CURWOOD: The Greens themselves did okay in the election, right? In fact, they had a little larger margin than they had seven years ago, right? There was like, about eight percent?
HERTSGAARD: Yeah, they went up from six point seven percent to eight percent.
CURWOOD: But some say that maybe the Greens hurt the Social Democrats because some of the measures they're calling for may have been seen as actually aggravating the unemployment problem. You know, putting pressure on shutting down coal mining, talking about getting rid of the nuclear power plants, that sort of thing.
HERTSGAARD: I really don't see that. I think that vote was very strongly against the SPD government above all. Gerhard Schroeder, the SPD chancellor, had promised very visibly that he was going to reduce unemployment. When he came into office it was three million, he promised to bring it down. And, in fact, here at the end of his seven years as chancellor, it was up to five million, nearly, and I think given that, it was very hard for him to get return to power.
And the Greens, for that matter, actually make a very strong argument that their environmental policies have actually added jobs in Germany, especially through their landmark legislation, the so-called Renewable Energy Sources Act. And this commits Germany to a massive increase - using market mechanisms, largely - a massive increase in solar, wind, biomass and other renewable energies that have already got 150,000 workers in those industries.
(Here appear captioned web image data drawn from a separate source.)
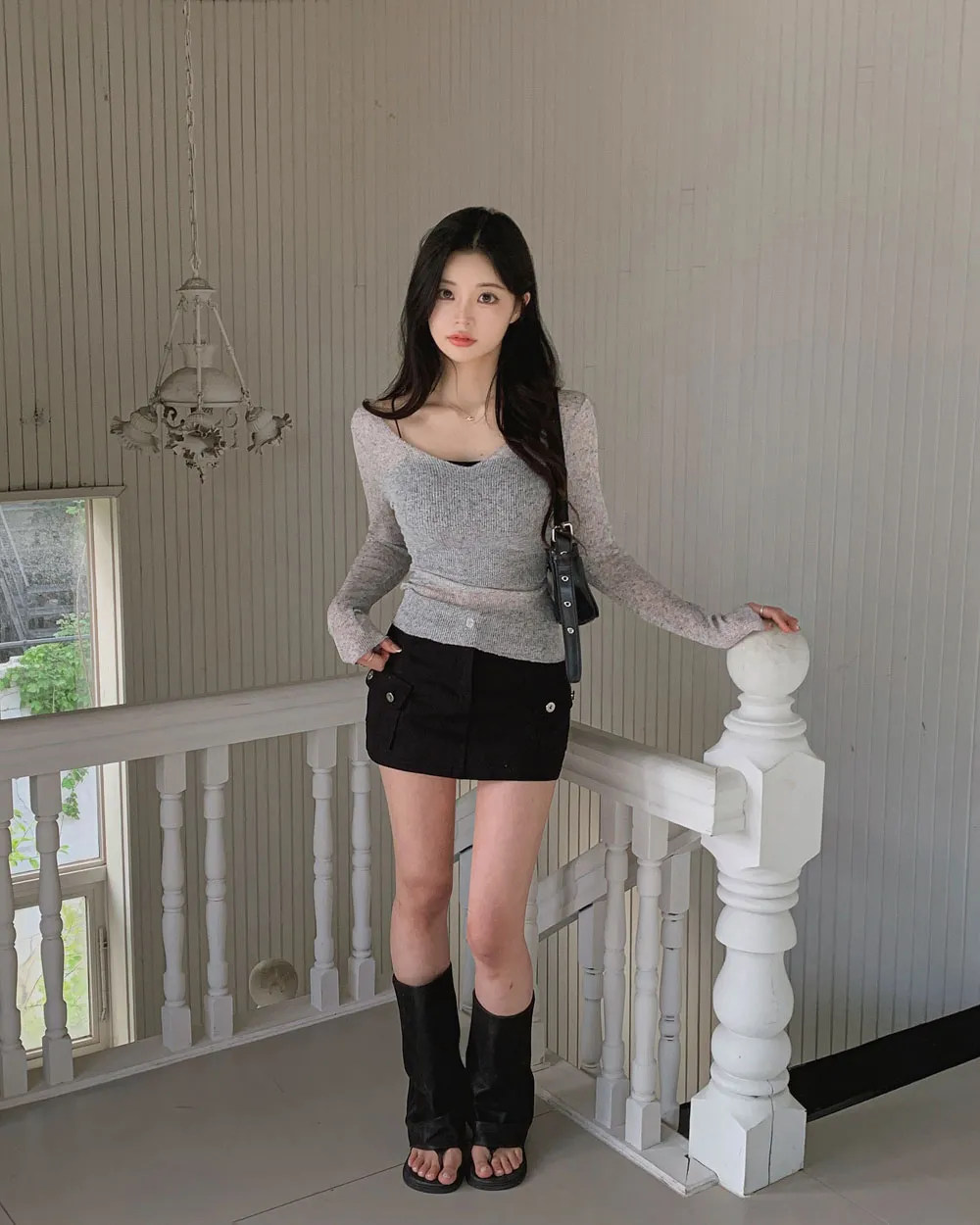 긴팔 티셔츠 모델 착용 이미지-S1L83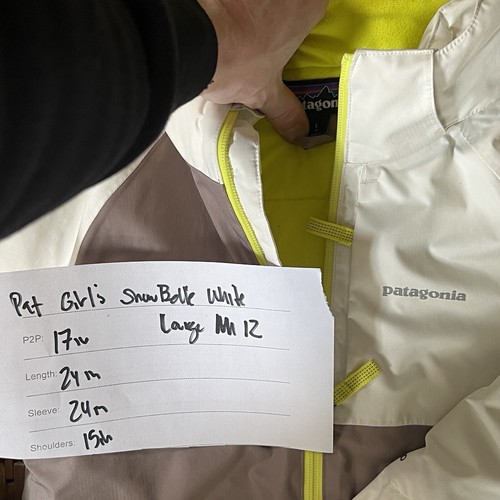 Patagonia H2No Snowbelle Full Zip Insulated Puffer Jacket White Girl’s 12 Large - Picture 3 of 3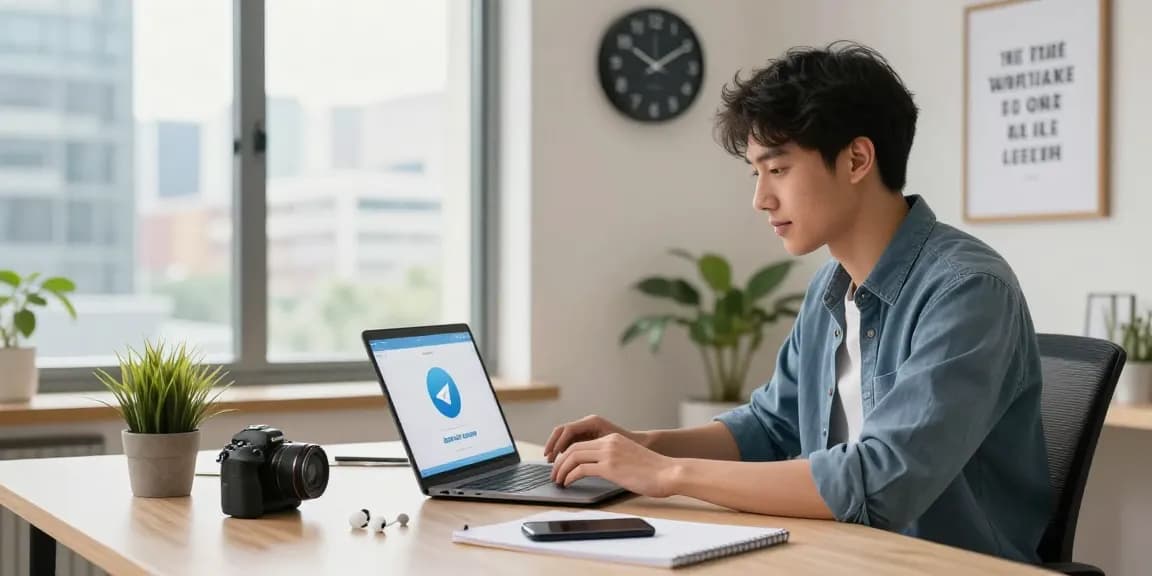 Download Telegram app on a sleek laptop in a modern workspace, showcasing technology.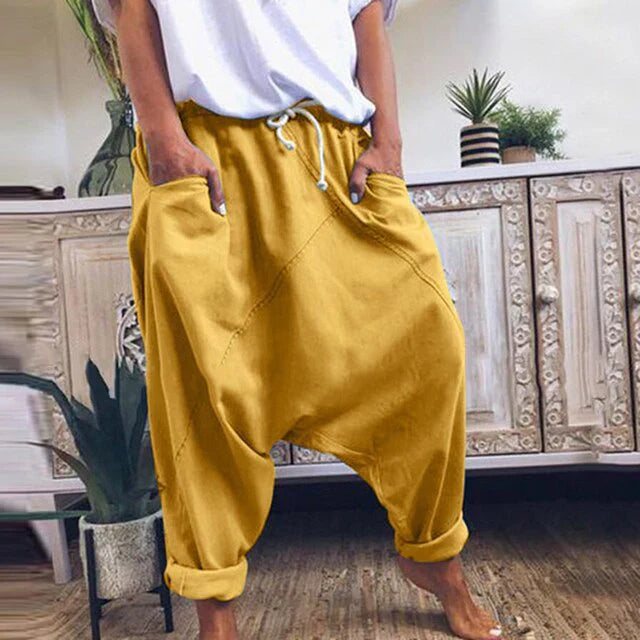 Levoire | Pantalons Harembux En Coton Élégants Jaune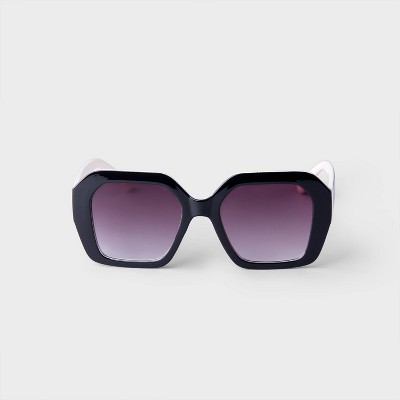 Women's Two-Tone Oversized Angular Square Sunglasses - A New Day™ Black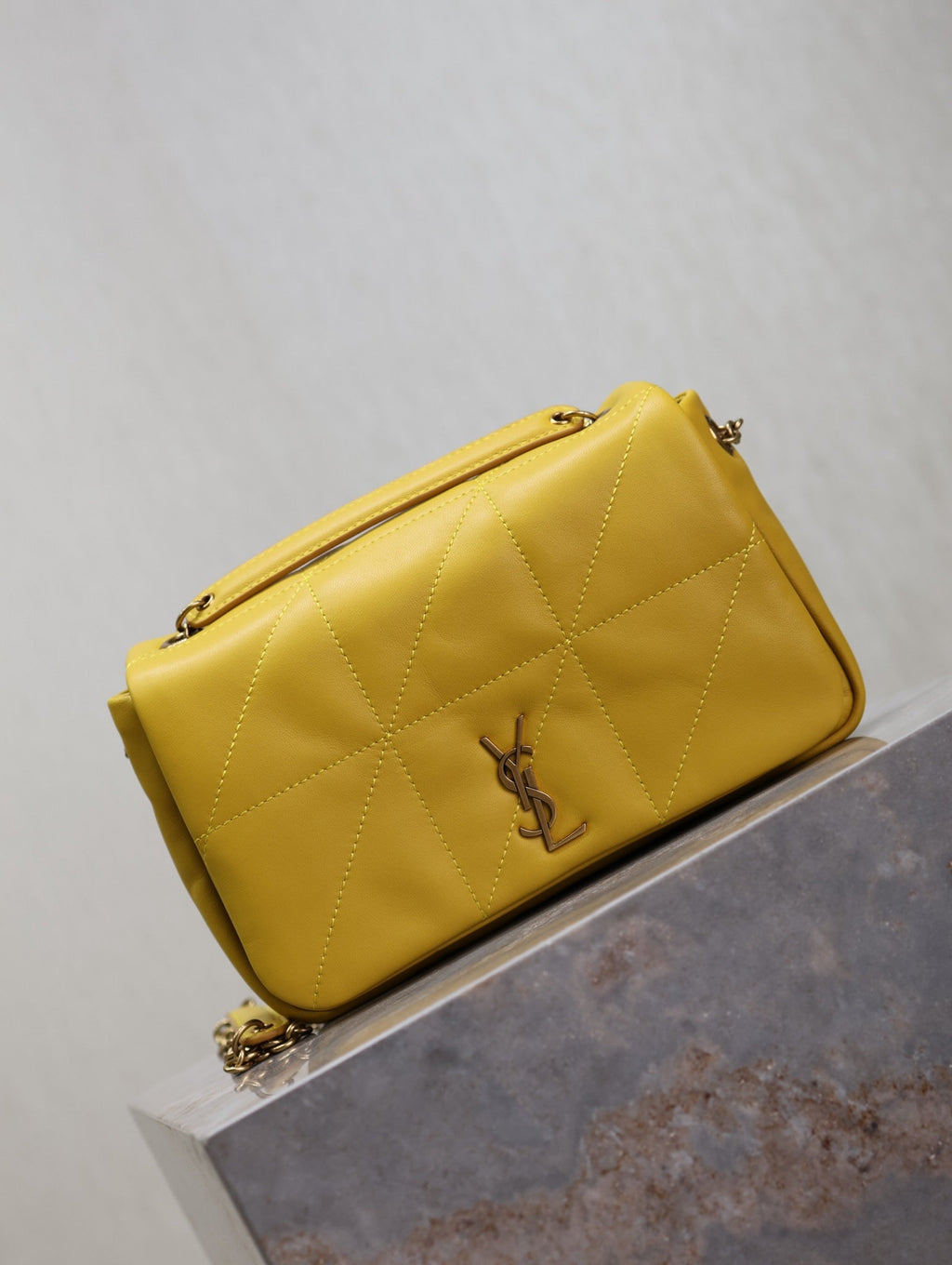 Saint Laurent Jamie 4.3 Mini Bag 20 in Mustard Yellow Lambskin Copper Hardware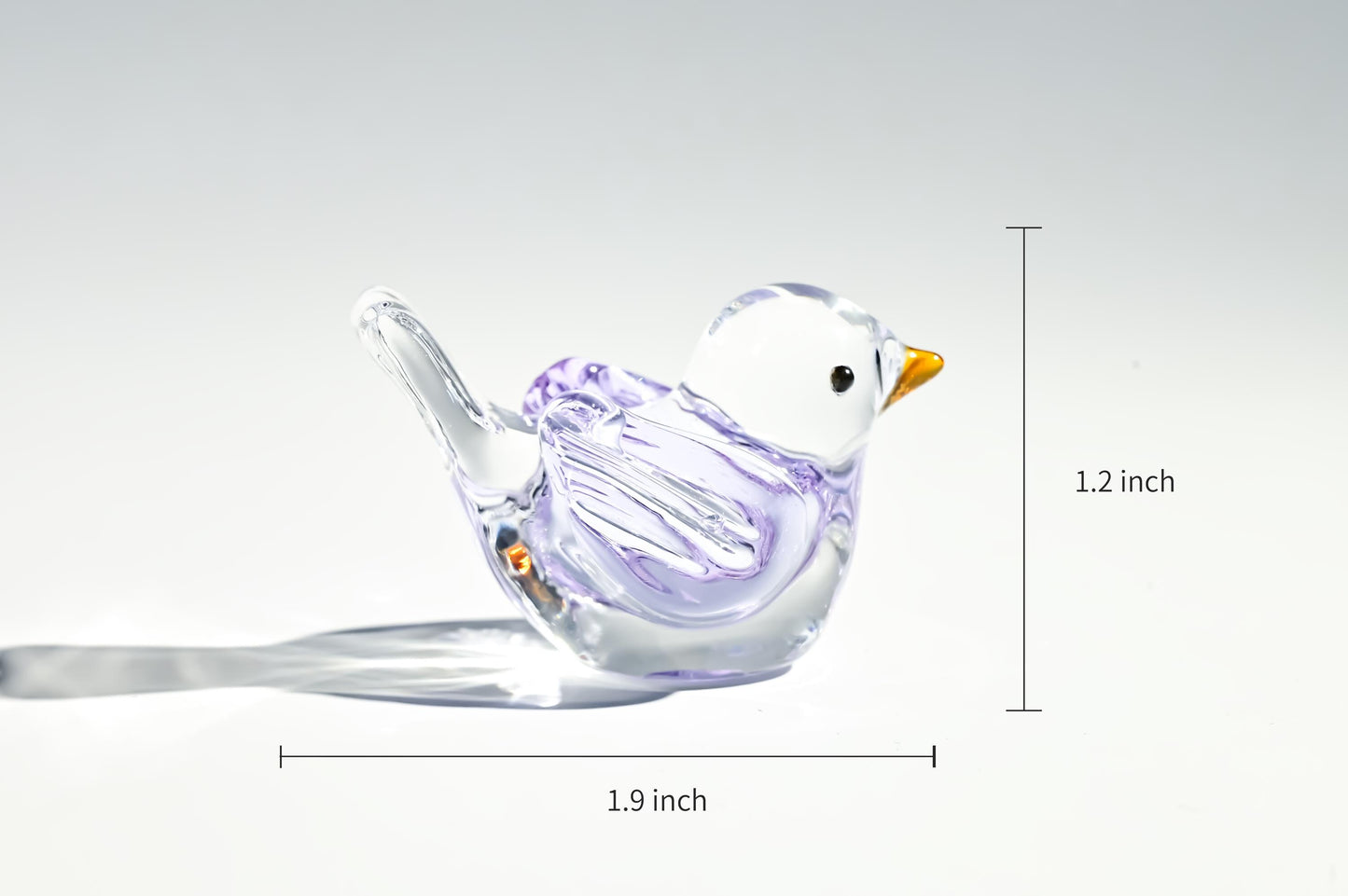 Handmade Glass Bird Figurine, Mini Glass Bird, Cute Desk Decor, Glass Animal Sculpture, Small Home Decoration,  Christmas Gift Idea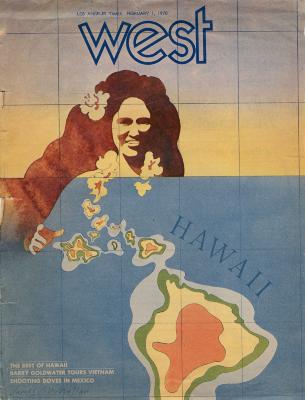 Clippings/Tearsheets depicts: An illustration of the front view bust of a woman with black curly hair and a flower in her hair extending her hand downward where there is a blue background with the islands of Hawaii getting progressively closer to the viewer.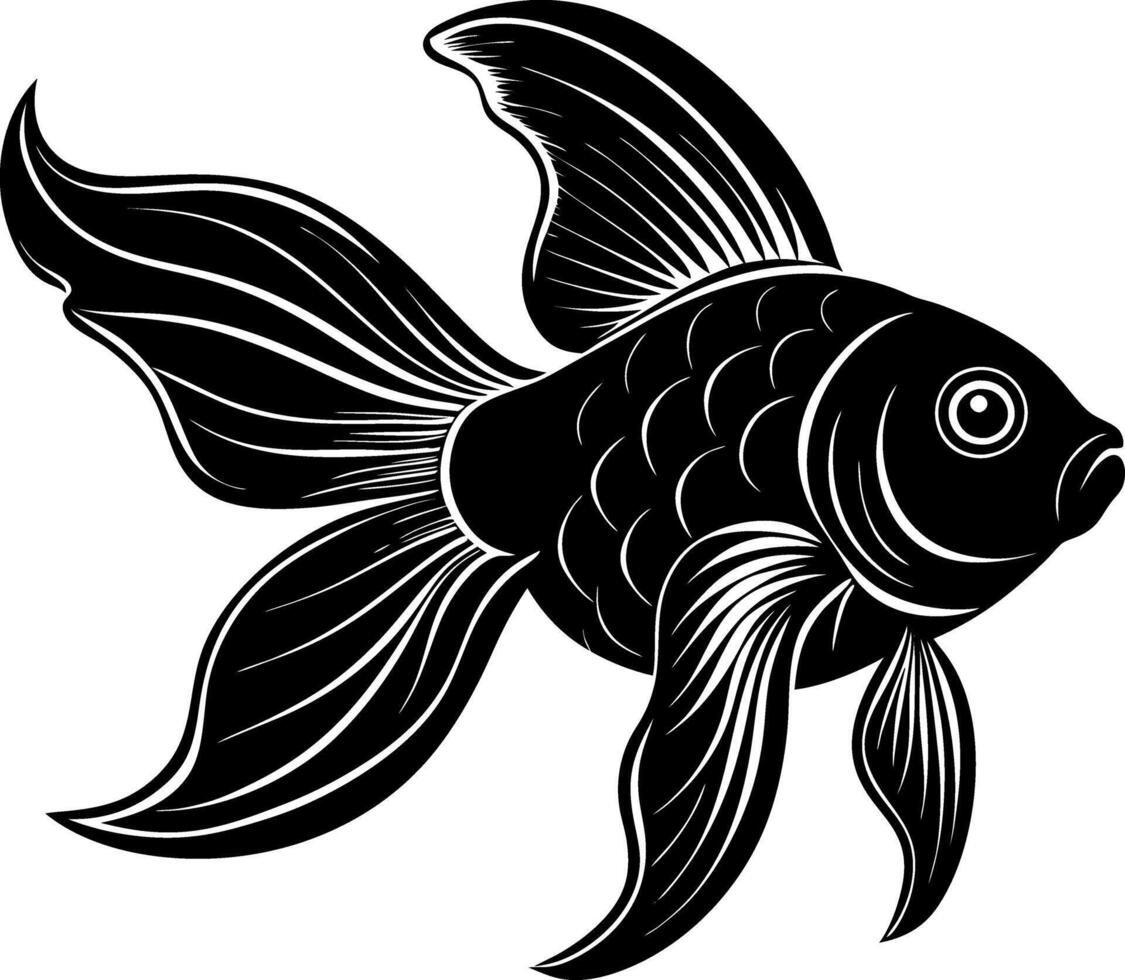 goldfish silhouette illustration Design on a white background vector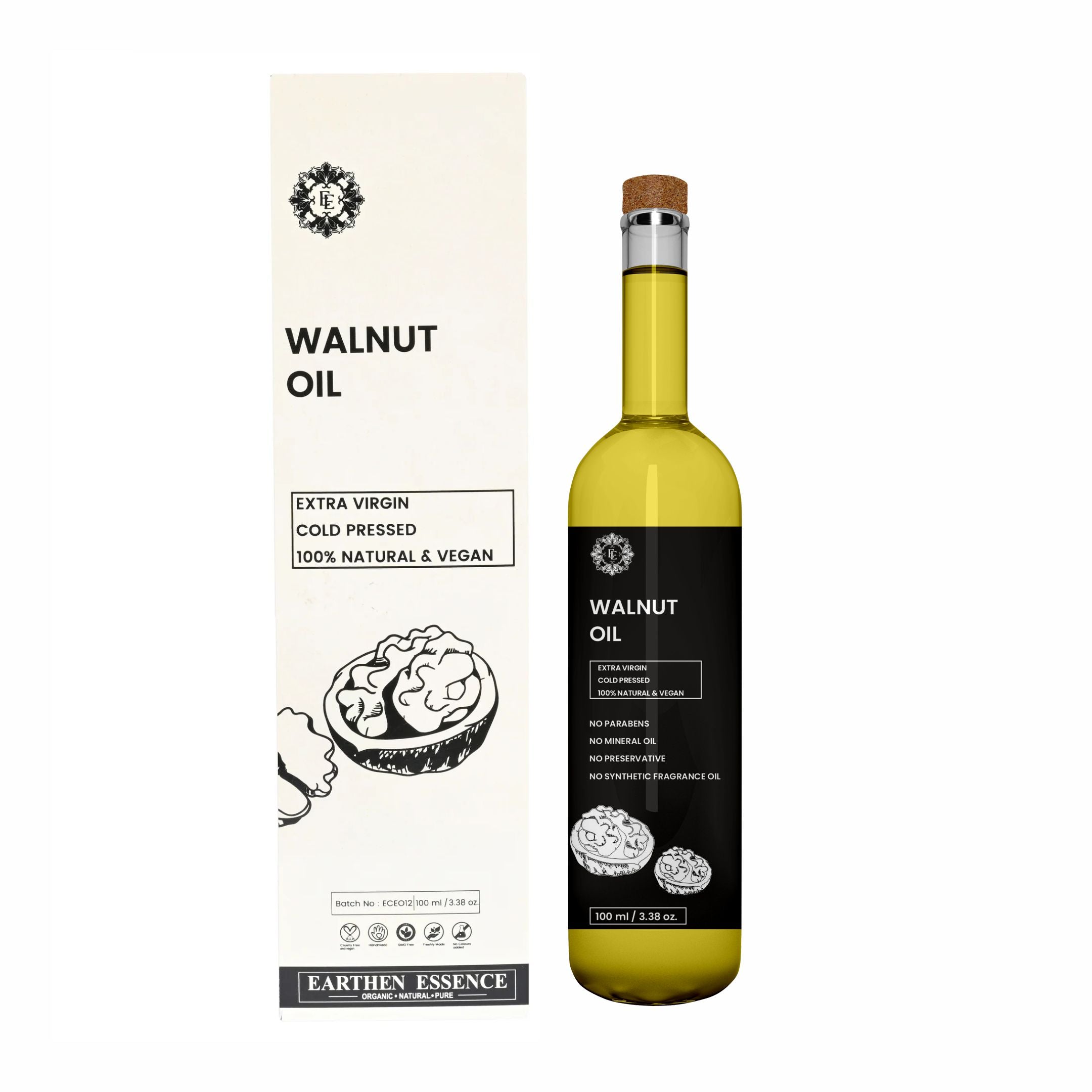 Earthen Essence Organic Wood Pressed WALNUT Oil | Rich With Antioxidant & Omega 3 | for Skin Care, Nourished Hair & Body | Extracted with Traditional Wood Pressed Method | 100 ml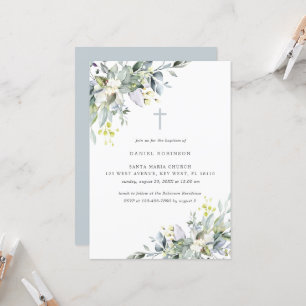 Flore poussiéreuse Baptême gris doux Invitation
And the promise of many more through future exports because that Renewable Energy Sources Law has been copied, at least in part, by 41 other countries, including China, which, of course, is going to be buying many billions of dollars of energy technology in the years to come.
So I don't thing the Greens really hurt the SPD reelection chances there. It was really Gerhard Schroeder's own doing, I'm afraid.
CURWOOD: The Greens' popularity has ebbed and flowed during the seven years that they were in that Red-Green government. I'm thinking at one point the Green foreign minister sent troops into Kosovo - Greens are pretty pacifist - and yet, of course, he opposed the U.S. in Iraq. In this process, to what extent did the Greens loose their political voice, the sense of who they are? Who are the Greens these days?
HERTSGAARD: The Greens are evolving. They were founded 25 years ago as a pacifist, feminist, ecological party. Of course, coming into government seven years ago, they have had to do some compromising. And no compromise has been more difficult for the party itself than over the transformation of Germany's foreign policy.
The Greens did control the foreign ministry. They had Joschka Fischer, the foreign minister, longtime co-founder of the Greens, and he actually got pelted by a paint bomb at a Green Party Congress after pushing through the use of German troops in peacekeeping missions in Kosovo and Afghanistan. Many of the more left elements of the party did not like that.
However, then a few months later, it was Fischer who really led the European opposition to the Bush administration's drive to war. And Fischer, indeed, became the single most popular politician in all of Germany. And that's going to be a challenge for the Greens now as they go forward, because Fischer has taken himself out now of the party leadership, saying it's time for a new generation to write the next chapter in the history of the Green Party.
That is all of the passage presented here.